6).Purchasing Procedure of Products


In Fabindia they purchase products from multiple Suppliers. There is a reason for purchase products from multiple suppliers. The reason is if one supplier delays to fulfill the supply then there must be alternative supplier for it to fulfill the requirement. So there must me no stock outs in the distribution process. Fabindia always purchases at bulk but by schedule wise. In other words they purchase products at a time for specific order. They make the agreement of supplying products only at once. And they negotiate the price only at once that is before supplying of products and once their agreement is over then they provide schedule to supplier to supply the products at a specific time and at a specified quantity.

Logistics Inventory Management


There is a department called Logistic Department in Fabindia, which is concerning about selling of goods and maintaining of all documents related to distribution of products and also taking the permission from banks to sell specific products in specific countries. So Logistic Department is one of the important front-office Departments, like Marketing Department .Marketing Department is one, which takes the orders from its stores. And this is entirely different from Logistic Department. Logistic Department is one, which sells its products and maintains all documents.

Financial Inventory Management


Already we saw about Logistic Inventory Management. Let us see the old and rejected stocks in financial terms and also have a look on the inventory ratios. Valuation method for Old and Rejected Stocks: Old Stock: This old stock means excess of products from specific order. As already viewed in Physical Inventory Process that always purchase department purchases 20% more than its order. So that remained or excess materials are said to be Buffer Stock .
Rejected Stocks: Again these are divides into three parts. Rejection of Products i.e., before sending to store. Rejection of products is valuating on Purchase value of those Products.

Holding or Ordering Cost

These costs are very important in manufacturing companies to minimize the cost. This is not applicable to Fabindia by virtue of its Business activities. Because, let us have a broad view on statement by following points: In Fabindia, they purchase the Products from multiple suppliers. Because to fulfill the requirements in required time limit. Fabindia orders the products to suppliers only at once and according to the schedule supplier will supply the Products .

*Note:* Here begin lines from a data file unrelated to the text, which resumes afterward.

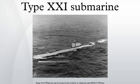The Type XXIs also had better facilities than previous U-boat classes, including a freezer for food. Between 1943 and 1945, 118 boats were assembled by Blohm und Voss of Hamburg, A.G. Weser of Bremen, and Schichau-Werke of Danzig.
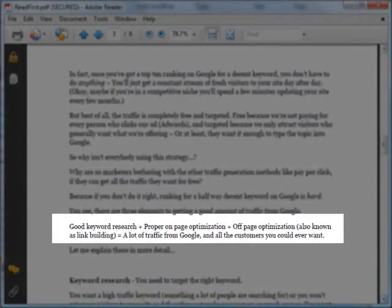And on page 3, he says: good keyword research plus proper on-page optimization plus off-page optimization equals a lot of traffic from Google and all the customers you could ever want. I believe this is essentially the crux of this system.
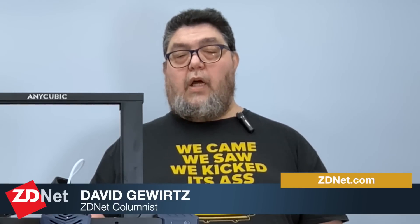For ZDNet's DIY IT, I'm David Gewertz. Go out there and make something awesome.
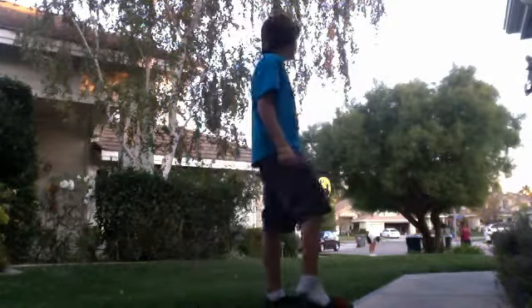So the first thing I do is I take off my shoes. Sorry for the pauses, but my mom is trying to talk to me at the same time, which really sucks.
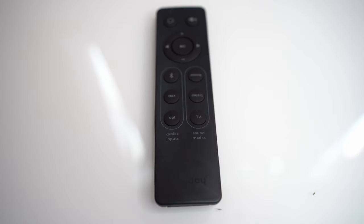It's pretty cool that Target included a remote control with the soundbar for $60 — I think that's pretty amazing. As you can see, there are different sound modes: movie, music, and TV. You can only change those sound modes with the remote, not on the soundbar itself. So if you lose the remote, keep that in mind, because there's also no way to purchase a replacement remote separately.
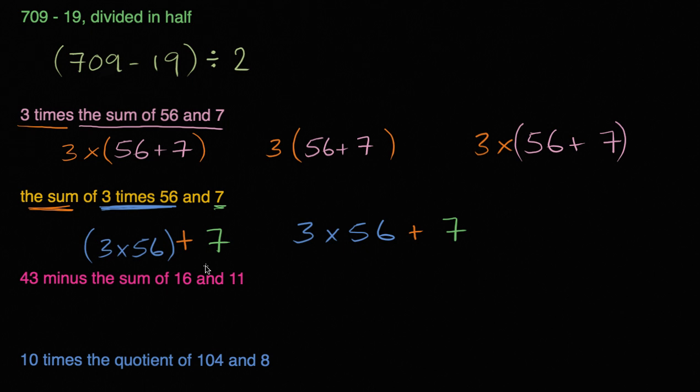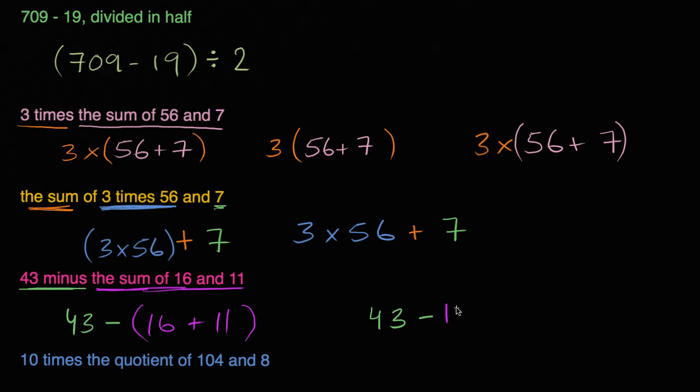Now we have: 43 minus the sum of 16 and 11. So from 43, we're going to subtract the sum of 16 and 11. The parentheses make it clear that we take the sum of 16 and 11 first, and then subtract that from 43. The parentheses are very, very important here, because 43 minus 16 plus 11 would be interpreted as 43 minus 16, then adding 11 — a different value entirely.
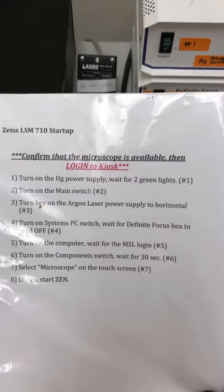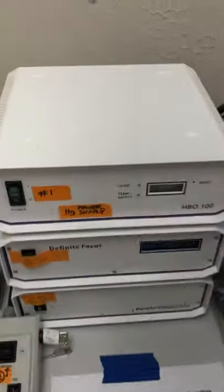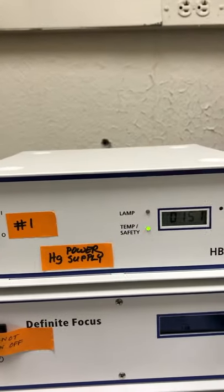The first thing we're going to do is turn on the mercury power supply and wait for the two green lights — that's item number one. You can see here: mercury power supply, number one, turn this on, and then these are the two lights that we're going to wait until both are on before we continue.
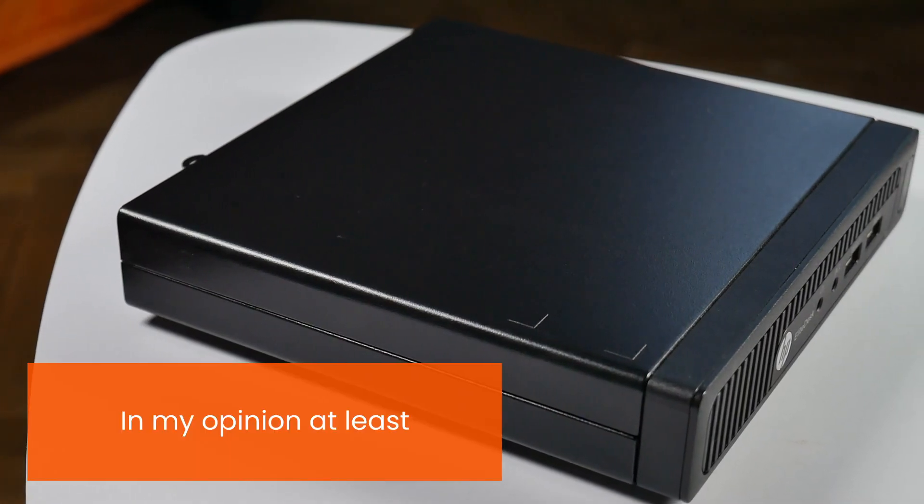Hi there guys and girls, my name is Dan from GeekChronicles.ro and today I present to you a new clip. In today's clip I want to discuss about the perfect machine to run Home Assistant on. Let's start from the beginning.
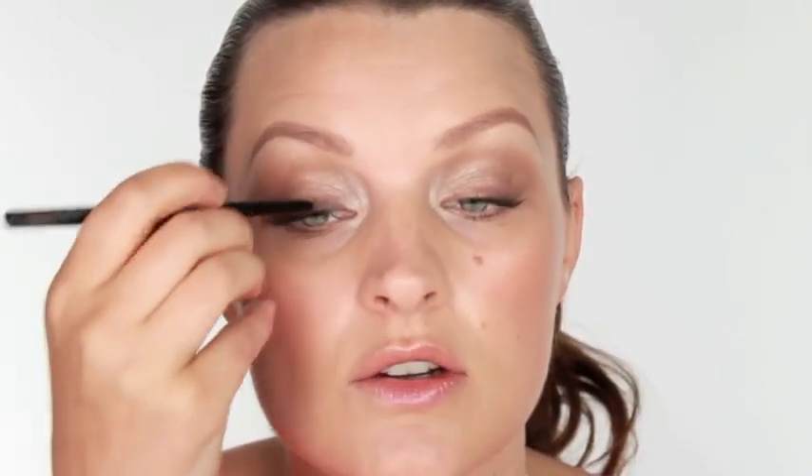Next we're going to take our eyeliner. I've got Avon Glimmer Stick in Mocha Flash and I'm going to run this along the top of the eye. Now make sure that your pencil is nice and sharpened — that's going to help. And then we're going to run this along the lash line. We don't have to be too neat with it. It's quite a light brown this one. I don't want to go too dark but what we're going to do is make this line slightly fuller in the centre and thinner on the outside corner so we just open the eye in the middle there.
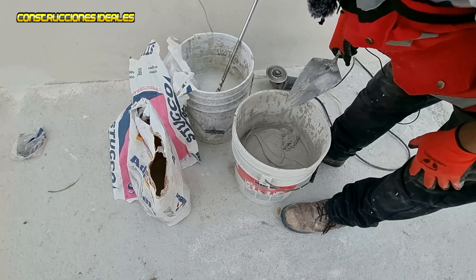Recuerden que necesitamos un pegamento mucho más resistente, porque es donde va la cocina, en la tarja, donde va a haber siempre humedad. Pegamento porcelanato para que tenga un mejor agarre. Preparamos lo que queremos: medio bulto — un bulto es lo que se va a ocupar. Ya le puse agua, ya le puse medio bulto.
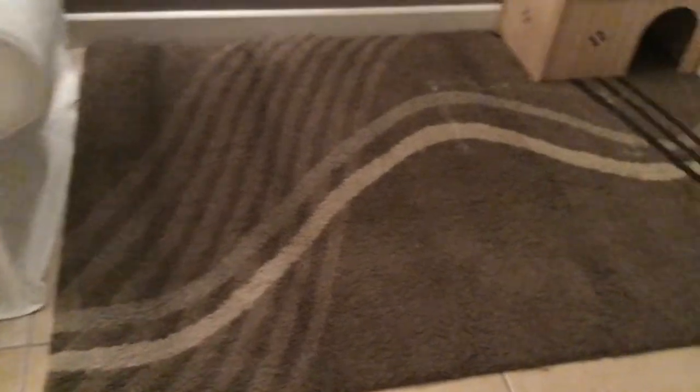I just put this old rug down here - we never used it, but it's really soft and warm. Because the floor in here is very cold, they can have this rug. Then we have that little hidey house in here.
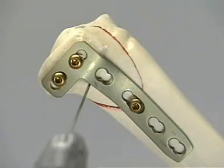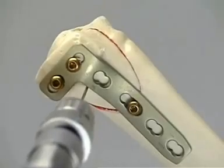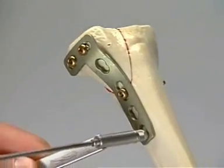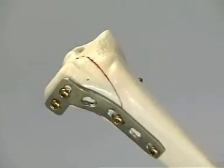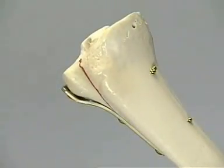The K-wires are removed. The most distal plate hole is filled with a 4.5 millimeter cortex screw. The fit of the buttress plate is snug, and compression has made the fracture line almost invisible.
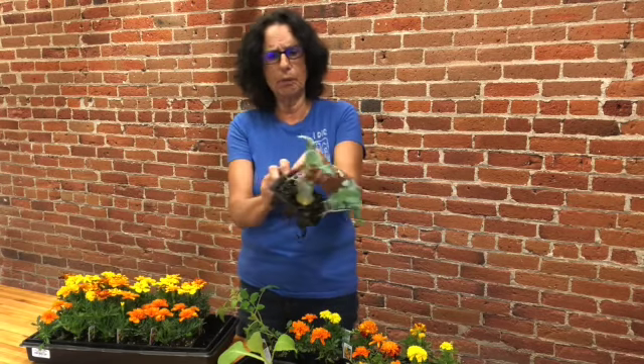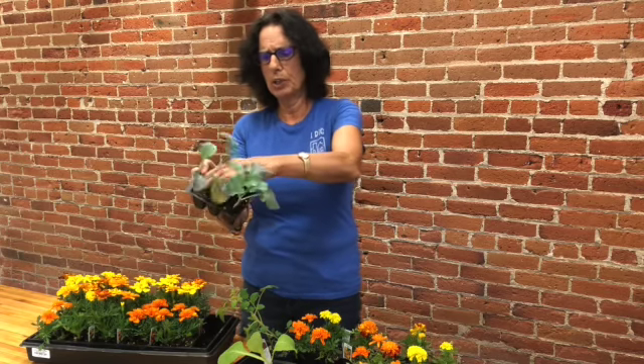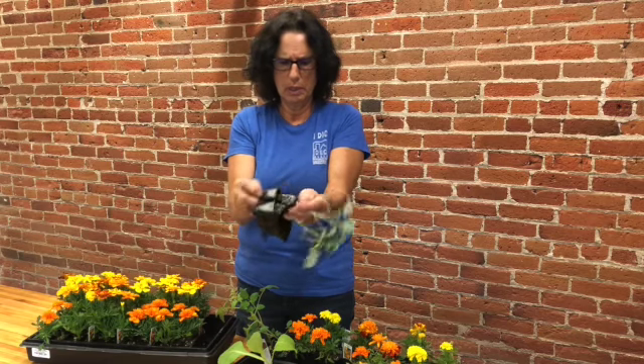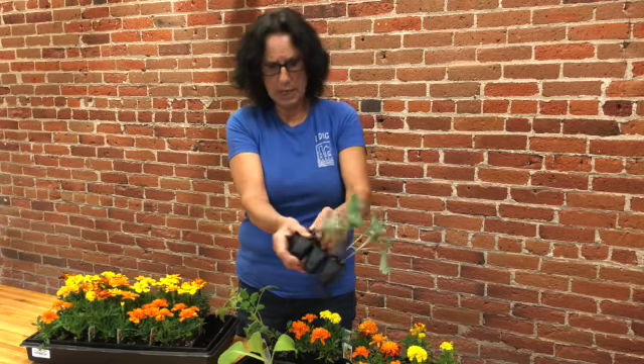What I want you to do is don't pull on their stem, hold their stem at the bottom, squeeze the container, make sure that soil is moist, and those roots come out nicely.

Yes, Depending on Shorter order cycle Fabindia can hold entire stock well before order starts and also it can have a full stock at a time before starting process of selling. EOQ:
EOQ applicability due to the nature of Business as above said is not possible. Reorder Point: When only the buffer stock is remaining in the stock, the reorder take place. Lead Time: Fabindia purchases Products from multiple supplier and by on schedule Products basis to supply. So this is also not applicable in this type of business.